Now lets train a simple prediction model before trying anything fancy. First we'll try a linear regression model, then we'll try a nonlinear regression model, then we'll try a neural network.  As a reminder, here's the features that have a correlation with a player's receiving yard outcome

In [None]:
player_feats=['receiving_yds','receiving_rec','receiving_tar','receiving_yac_yds']
team_feats=[]
opp_feats=[]

all_feats=[player_feats,team_feats,opp_feats]

In [None]:
#Extract the features we want
def getFeats(row,feats):
    feat_df=pd.DataFrame()
    feat_list=[]
    
    #Player feats
    feat_list= [row['Player Avg Stats'][stat_order.index(feat)] for feat in feats[0]]

    #Team feats
    feat_list = feat_list + [row['Team Avg Stats'][stat_order.index(feat)] for feat in feats[1]]

    #Opponent feats
    feat_list = feat_list + [row['Opp Avg Stats'][stat_order.index(feat)] for feat in feats[2]]

    return feat_list

In [None]:
X_train=pd.DataFrame(WR_training.apply(getFeats,args=[all_feats],axis=1).tolist())
X_cv=pd.DataFrame(WR_cv.apply(getFeats,args=[all_feats],axis=1).tolist())

In [None]:
#Extract feature names for column names
def getFeatNames(feats):
    feat_names=[]
    
    for feat in feats[0]:
        feat_names = feat_names + ['player_%s' % feat]
    for feat in feats[1]:
        feat_names = feat_names + ['team_%s' % feat]
    for feat in feats[2]:
        feat_names = feat_names + ['opp_%s' % feat]
    
    return feat_names

In [None]:
X_train.columns=getFeatNames(all_feats)
X_cv.columns=getFeatNames(all_feats)
X_train.head()

In [None]:
#Scale the features to help with fitting

#Get min and max of each feature in from the data set
def getExtremeOfFeat(feat,feat_type):
    #Player feats
    feat_list = WRsamples.apply(lambda x: x['%s Avg Stats' % feat_type][stat_order.index(feat)],axis=1).tolist()

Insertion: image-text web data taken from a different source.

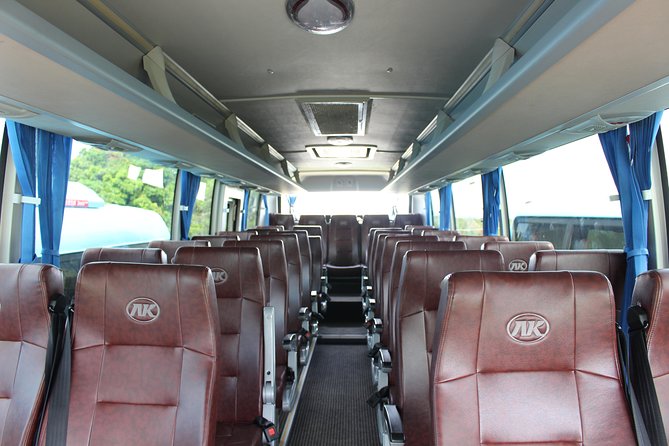 Private Transfer from Nadi Airport to Denarau Hotels/Double-Tree Fiji - What the driver adds to the transfer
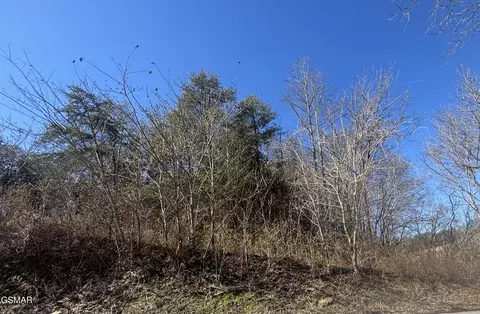 Tract 4 Rule Hollow Road, Sevierville, TN 37876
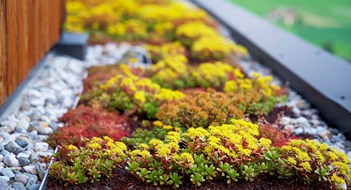Smarter, Greener Landscaping Sankt Jakob im Ahrntal South Tyrol Hotel Stoana rooftop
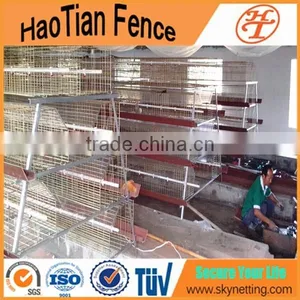 Anping Factory Manufacturer of Chicken Breeding Coop Cage Welded Chicken Cage Wire Mesh thumbnail-1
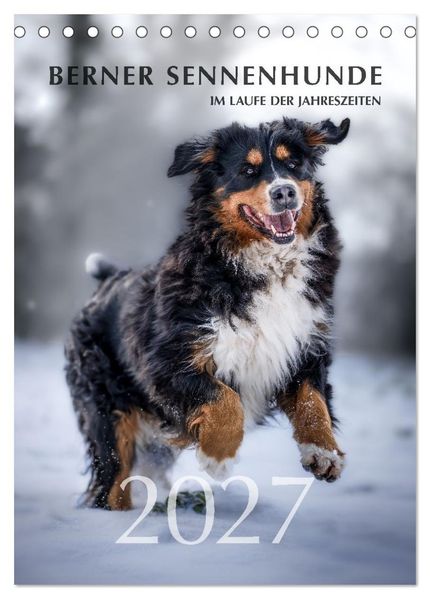 Berner Sennenhunde im Laufe der Jahreszeiten (Tischkalender 2027 DIN A5 hoch) CALVENDO Monatskalender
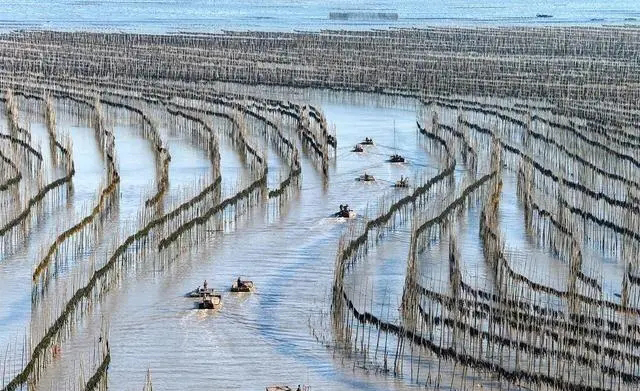 11月去哪?这座宝藏小城,半山半海,美景免费!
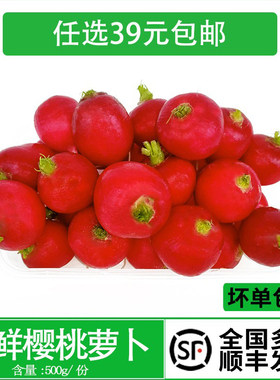 新鲜樱桃萝卜红皮迷你脆甜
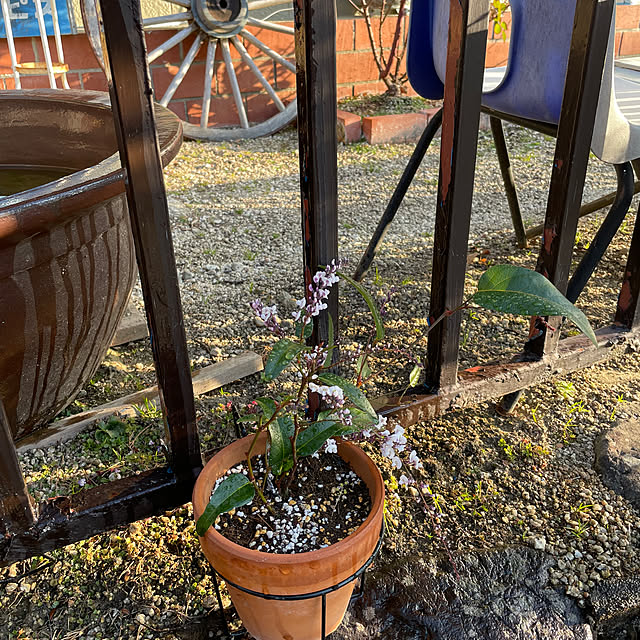 shin0719さんの部屋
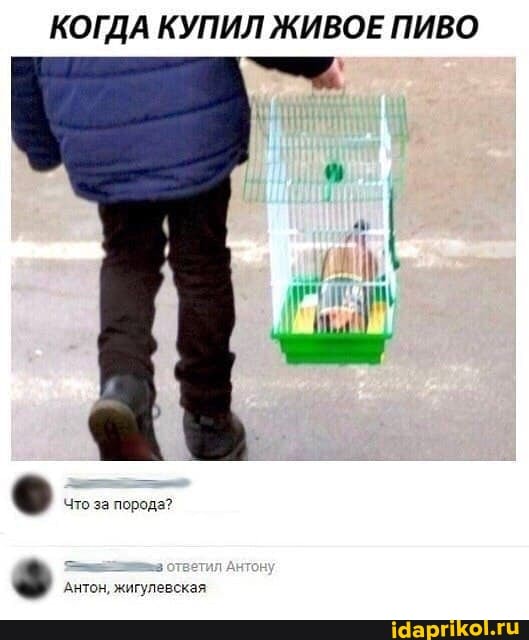 КОГДА КУПИЛ ЖИВОЕ ПИВО
Антон, жигулевская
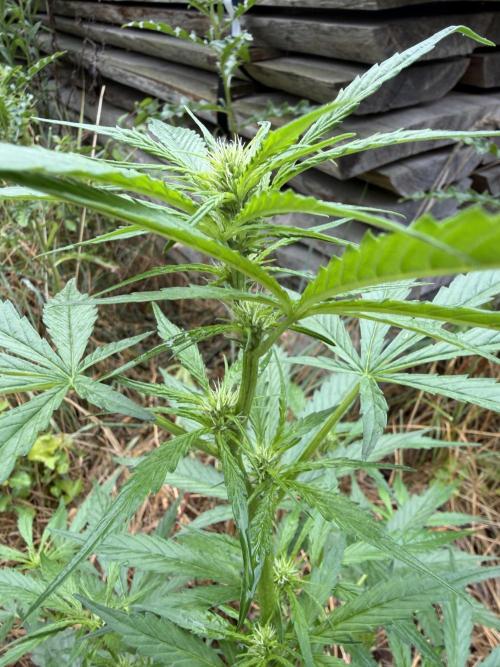 LSD Auto - Sponsored. Week 6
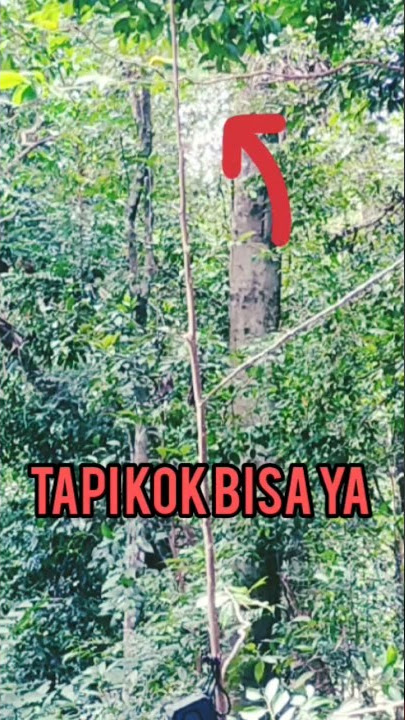 uji coba teriknya Mikat burung cucak ranting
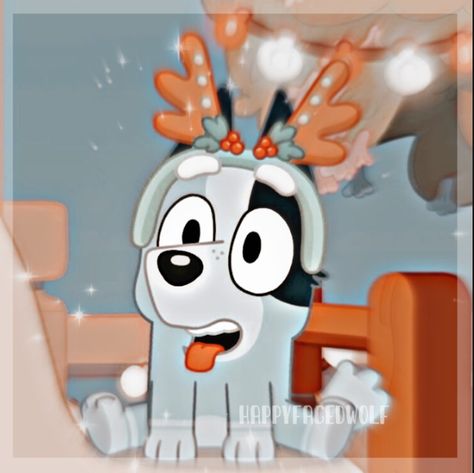 Christmas Cartoon Pfp, Bluey Pfp Aesthetic, Cartoon Christmas Pfp, Bluey Profile Photo, Bingo Pfp, Bluey Pfp Socks, Bluey Aesthetic Pfp, Socks Bluey Pfp, Bluey Bingo Aesthetic Pfp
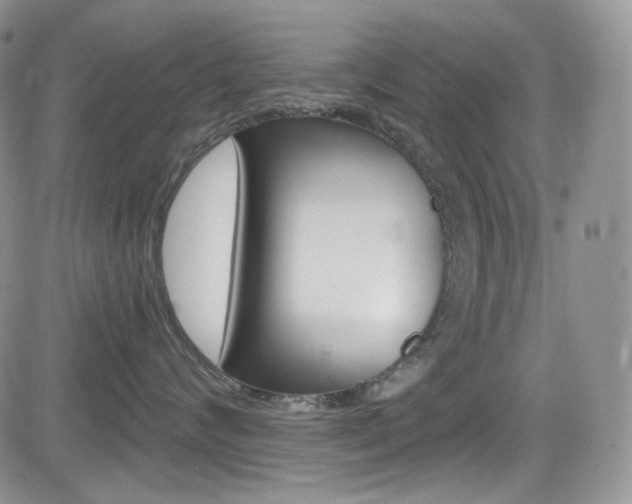 X0000084530624200702230840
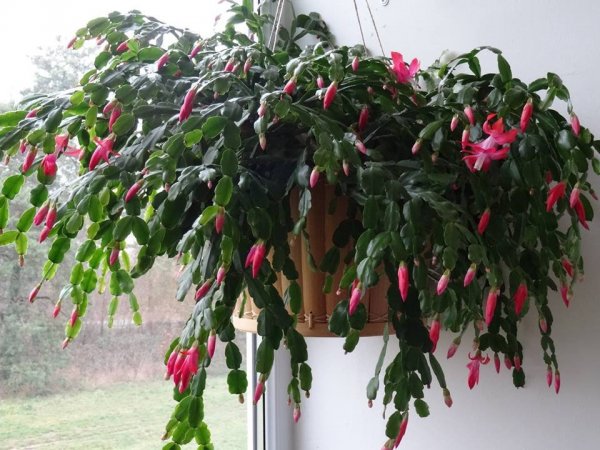 ablak34_lakatár Mária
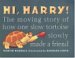 Hi, Harry!: The Moving Story of How One Slow Tortoise Slowly Made a Friend (Hardcover)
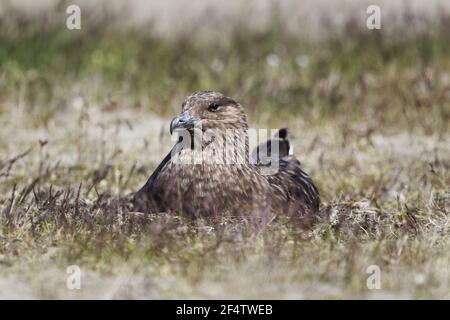 Great Skua - auf nestCatharacta skua Island BI026538 Stockfoto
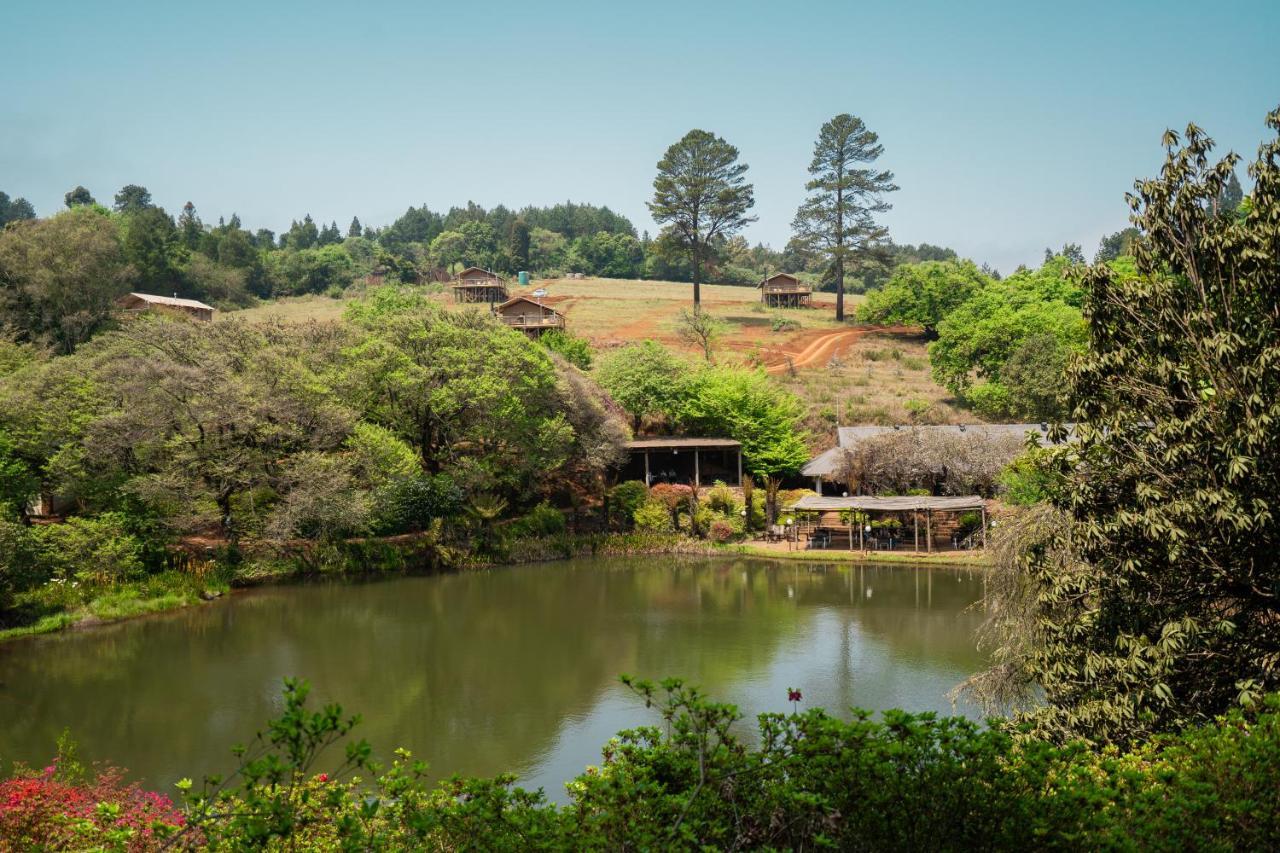 Africamps Magoebaskloof Exterior foto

    return (max(feat_list),min(feat_list))

def scaleFeat(featFrame,feats):
    
    #player feats
    for feat in feats[0]:
        (max_feat,min_feat)=getExtremeOfFeat(feat,'Player')
        featFrame['player_%s' % feat]= (featFrame['player_%s' % feat] - min_feat)/(max_feat-min_feat)
    
    #team feats
    for feat in feats[1]:
        (max_feat,min_feat)=getExtremeOfFeat(feat,'Team')
        featFrame['team_%s' % feat]= (featFrame['team_%s' % feat] - min_feat)/(max_feat-min_feat)
    
    #opp feats
    for feat in feats[2]:
        (max_feat,min_feat)=getExtremeOfFeat(feat,'Opp')
        featFrame['opp_%s' % feat]= (featFrame['opp_%s' % feat] - min_feat)/(max_feat-min_feat)
        
    return featFrame

In [None]:
scaleFeat(X_train,all_feats)
scaleFeat(X_cv,all_feats)
X_train.head()

In [None]:
#Get outcome for the stat we are predicting
def getStatRes(row,stat):
    return row['Stat Outcome'][stat_order.index(stat)]

In [None]:
Y_train=WR_training.apply(getStatRes,args=['receiving_yds'],axis=1)
Y_cv=WR_cv.apply(getStatRes,args=['receiving_yds'],axis=1)

In [None]:
#Train a Linear regression model
from sklearn.datasets import load_boston
from sklearn.linear_model import LinearRegression

lm = LinearRegression()
lm.fit(X_train,Y_train)

#Check performance on CV data
plt.scatter(Y_cv, lm.predict(X_cv))
plt.xlabel("True Receiving Yards")
plt.ylabel("Predicted Reveiving Yards")


#Calculate mean squared error
mse = np.mean((Y_cv - lm.predict(X_cv)) **2)
print 'MSE:', np.sqrt(mse)
print 'Average Yardage:', np.mean(Y_cv)
print 'Correlation: ', pearsonr(Y_cv,lm.predict(X_cv))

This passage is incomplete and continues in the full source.